CVOs are recorded at fair value, and unrealized gains and losses from changes in fair value are recognized in earnings. At March 31, 2006 and December 31, 2005, the fair value of CVOs was $33 million and $7 million, respectively. At March 31, 2006, a hypothetical 10 percent change in the market price would not have had a material effect on our financial position, results of operations or cash flows.

COMMODITY PRICE RISK

We are exposed to the effects of market fluctuations in the price of natural gas, coal, fuel oil, electricity and other energy-related products marketed and purchased as a result of our ownership of energy-related assets. Our exposure to these fluctuations is significantly limited by the cost-based regulation of the Utilities. Each state commission allows electric utilities to recover certain of these costs through various cost recovery clauses to the extent the respective commission determines that such costs are prudent. Therefore, while there may be a delay in the timing between when these costs are incurred and when these costs are recovered from the ratepayers, changes from year to year have no material impact on operating results. In addition, many of our long-term power sales contracts shift substantially all fuel responsibility to the purchaser.

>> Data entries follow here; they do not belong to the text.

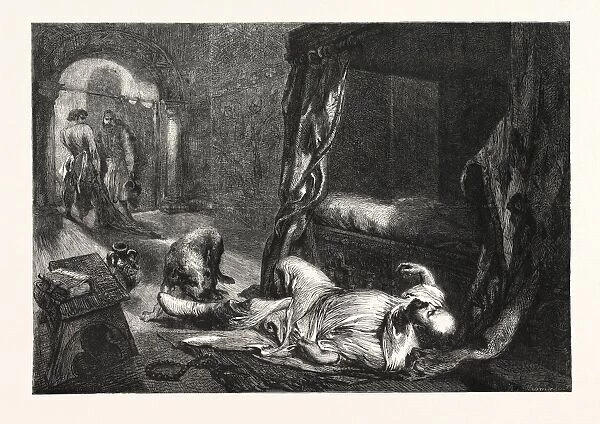 the Death of William the Conqueror, Drawn by J. Gilbert, 1861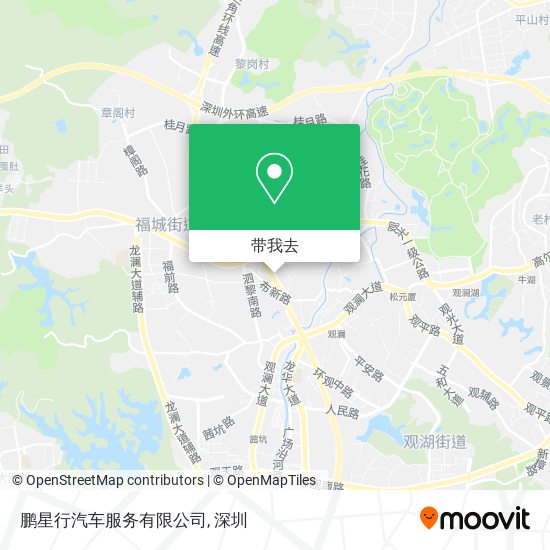 鹏星行汽车服务有限公司地图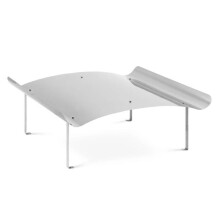 Chapeau de cheminée acier inoxydable 100 x 100 x 40 cm acier inoxydable argenté 14_0008588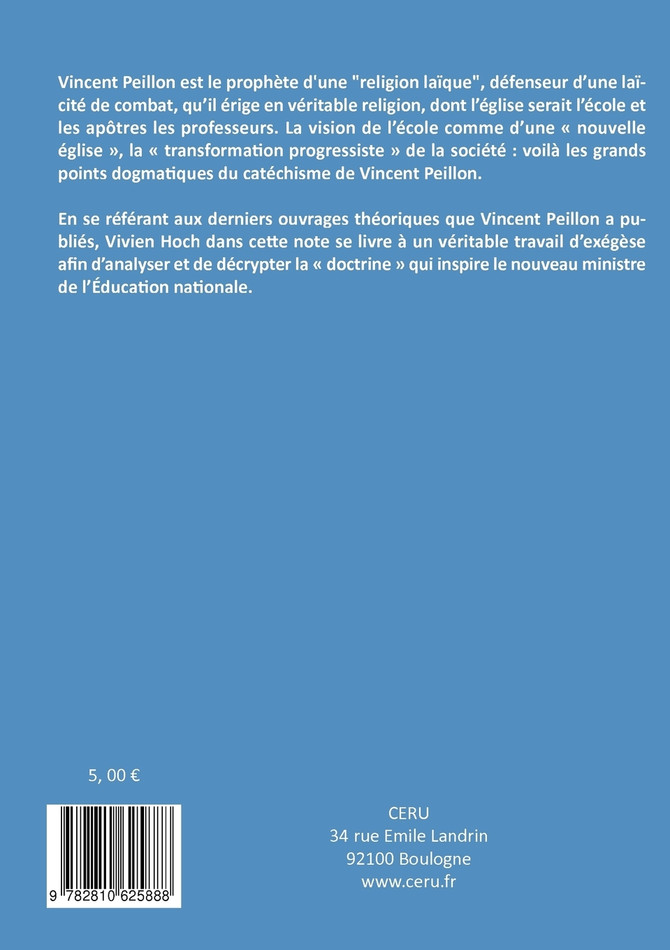 Vincent Peillon, prophète d'une "religion laïque"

We also have oil price risk exposure related to synthetic fuel tax credits as discussed in the OTHER MATTERS section of Item 2.

We perform sensitivity analyses to estimate our exposure to the market risk of our commodity positions. Our exposure to commodity price risk has not changed materially since December 31, 2005. A hypothetical 10 percent increase or decrease in quoted market prices in the near term on our derivative commodity instruments would not have had a material effect on our financial position, results of operations or cash flows at March 31, 2006.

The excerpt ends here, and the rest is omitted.